JG: What role do you believe the arts play in our culture?

The arts can be a mirror to what’s happening. I grew up doing musicals. I grew up doing “Anything Goes” and “Grease” and that’s a mirror to our culture as well, pop culture, fashion, style…But as I got older, I realized that that wasn’t enough for me. The kind of art that is showing you the problems, the issues, and the challenges that are facing our community, I feel like that kind of art is most important. Sometimes the problems aren’t so extreme. It’s, “Who am I as a woman? Where do I fit in as an African American?” These big questions, these broad strokes; art is a great way to ask those questions. What I love about theatre, music, and dance, is that when you step into a room, when you are the audience, you agree to listen. You can disagree, you can have your own opinion afterwards, but when you’re there, you agree to listen. It’s easy to interrupt or disrupt a panel discussion and many other platforms, and so that willingness to listen is one of the beauties of theatre that few other art forms have.

JG: What role do you believe the arts play for those who participate in them?

MS: We get a lot of questions from the audience, “What can I do?” And as an actor first, those of us who do it are asking a lot of the same questions.

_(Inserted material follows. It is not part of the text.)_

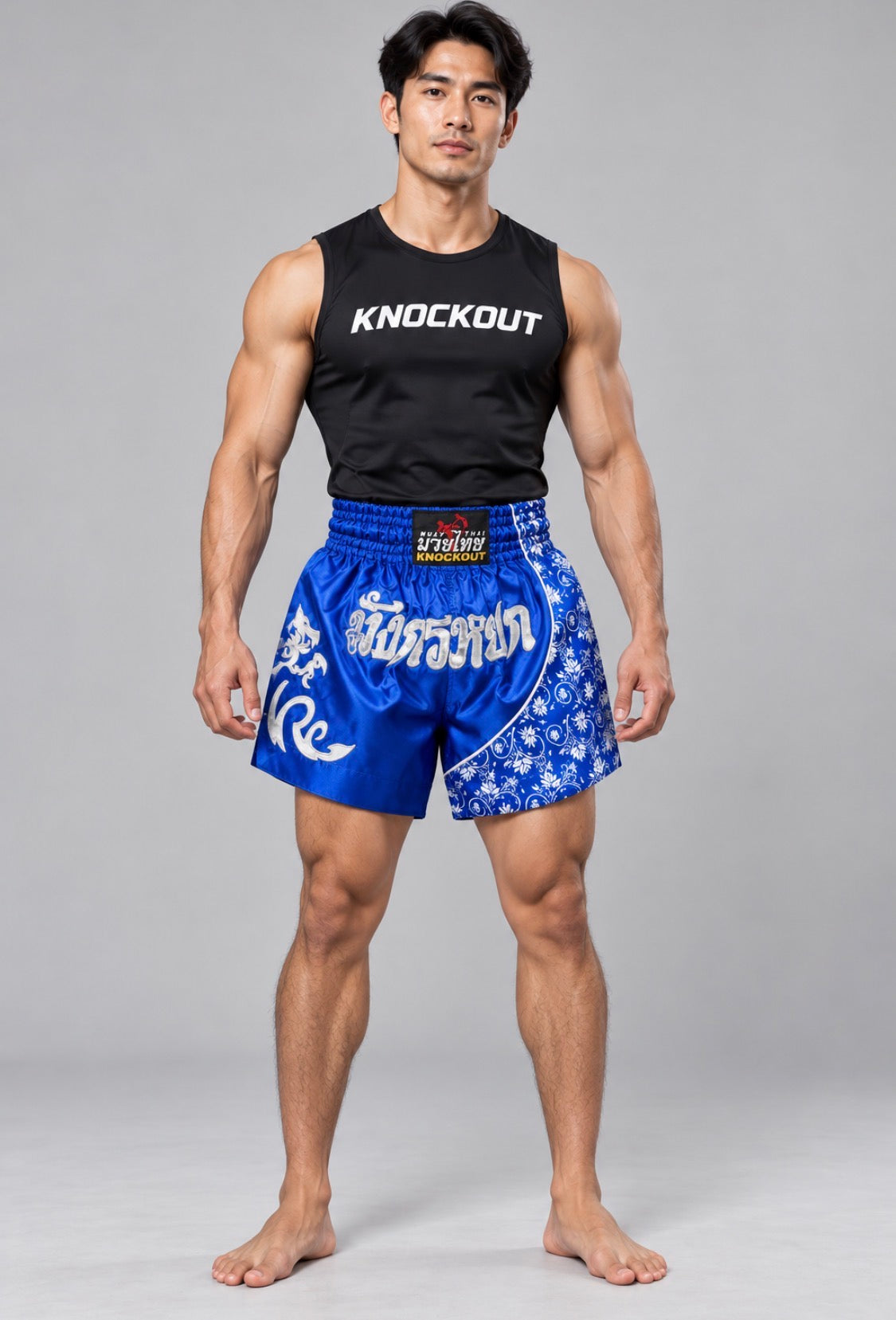 Knockout Muay Thai Blue patterned shorts on model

I think any of us, from the designers to the actors to the directors, we’re willing to step forward; our job is to be the vessel for the story. We can’t bring our own political baggage to this. We have to be true to the story. Being that vessel for this kind of story is such an honor. That’s probably the best way, as an artist, to participate in these kinds of stories.

JG: Who do you want to see this performance, and what do you want their takeaway to be?

MS: I want everyone to see this story. It’s not just for “White America” to be exposed to what African American families are going through. It’s not just for African American families either. It’s a national issue. And it’s a story that everyone needs to see. We’ve had a very diverse audience, Asian, Latino, black, white, all different types of people with different lives who’ve come and seen this story and could identify with one of the characters.

You get a glimpse of someone like Trayvon Martin’s mom in the news and you can form one opinion or another, but to see a story like this one is to see what everyday life is in the aftermath of this story. It’s equally important for those who are privileged, in any race, to see and acknowledge this story.

That’s a long way of saying, “Everybody.”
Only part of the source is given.